-- Opening Marker --
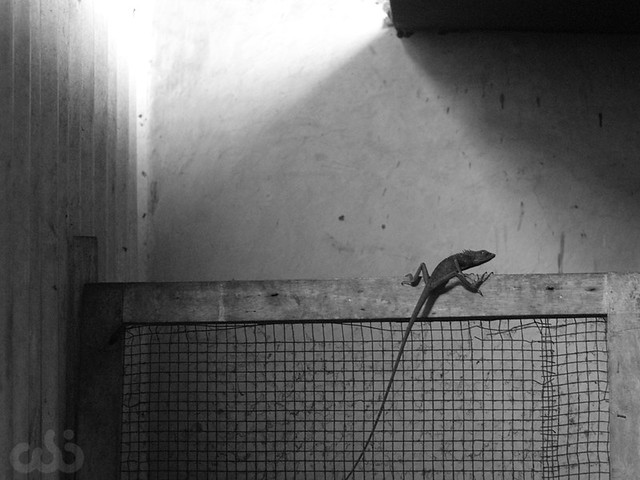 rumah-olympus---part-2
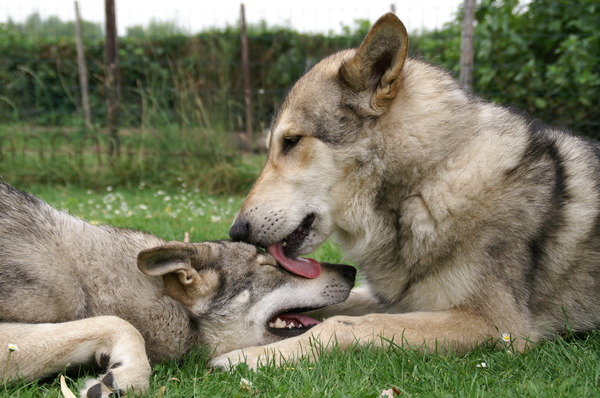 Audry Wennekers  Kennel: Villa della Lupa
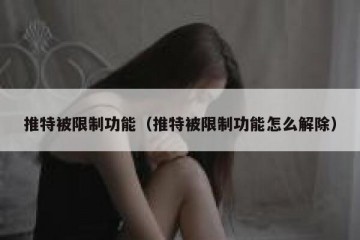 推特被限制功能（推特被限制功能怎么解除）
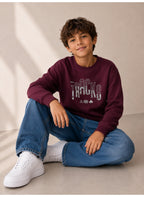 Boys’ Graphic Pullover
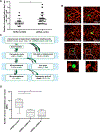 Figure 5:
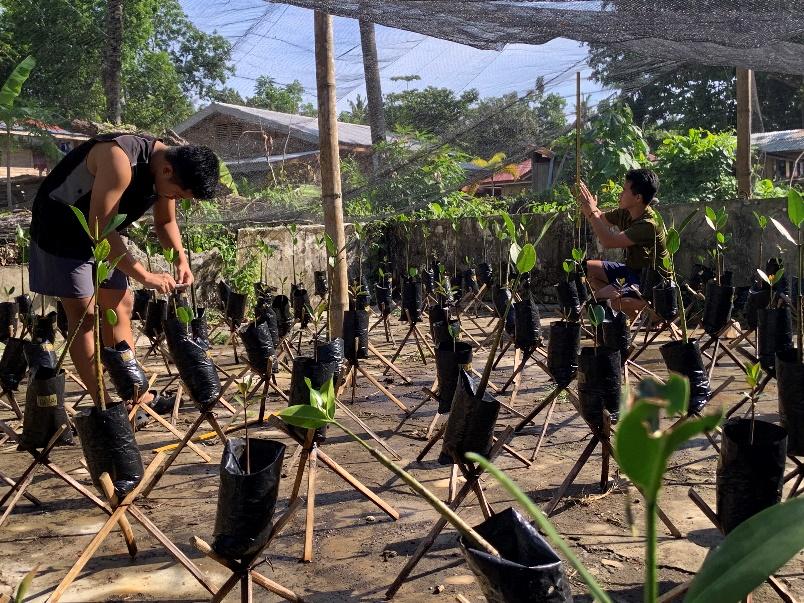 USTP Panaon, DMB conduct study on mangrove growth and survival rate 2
-- Closing Marker --
-- Opening Marker --
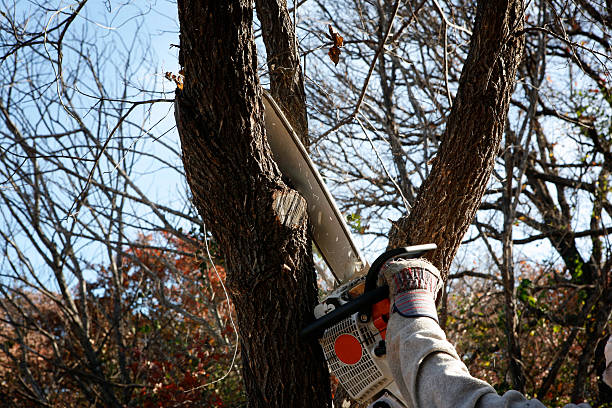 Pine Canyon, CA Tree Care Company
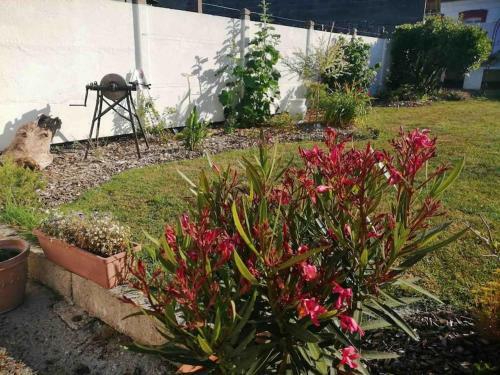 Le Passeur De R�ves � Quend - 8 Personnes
-- Closing Marker --
WORK INSTRUCTION:
All lines above from the one containing "rumah-olympus---part-2" up to and including the one containing "USTP Panaon, DMB" are to be set down exactly, and nothing else. Leave images out.

RESULT OF THE EXERCISE:
 rumah-olympus---part-2
 Audry Wennekers  Kennel: Villa della Lupa
 推特被限制功能（推特被限制功能怎么解除）
 Boys’ Graphic Pullover
 Figure 5:
 USTP Panaon, DMB conduct study on mangrove growth and survival rate 2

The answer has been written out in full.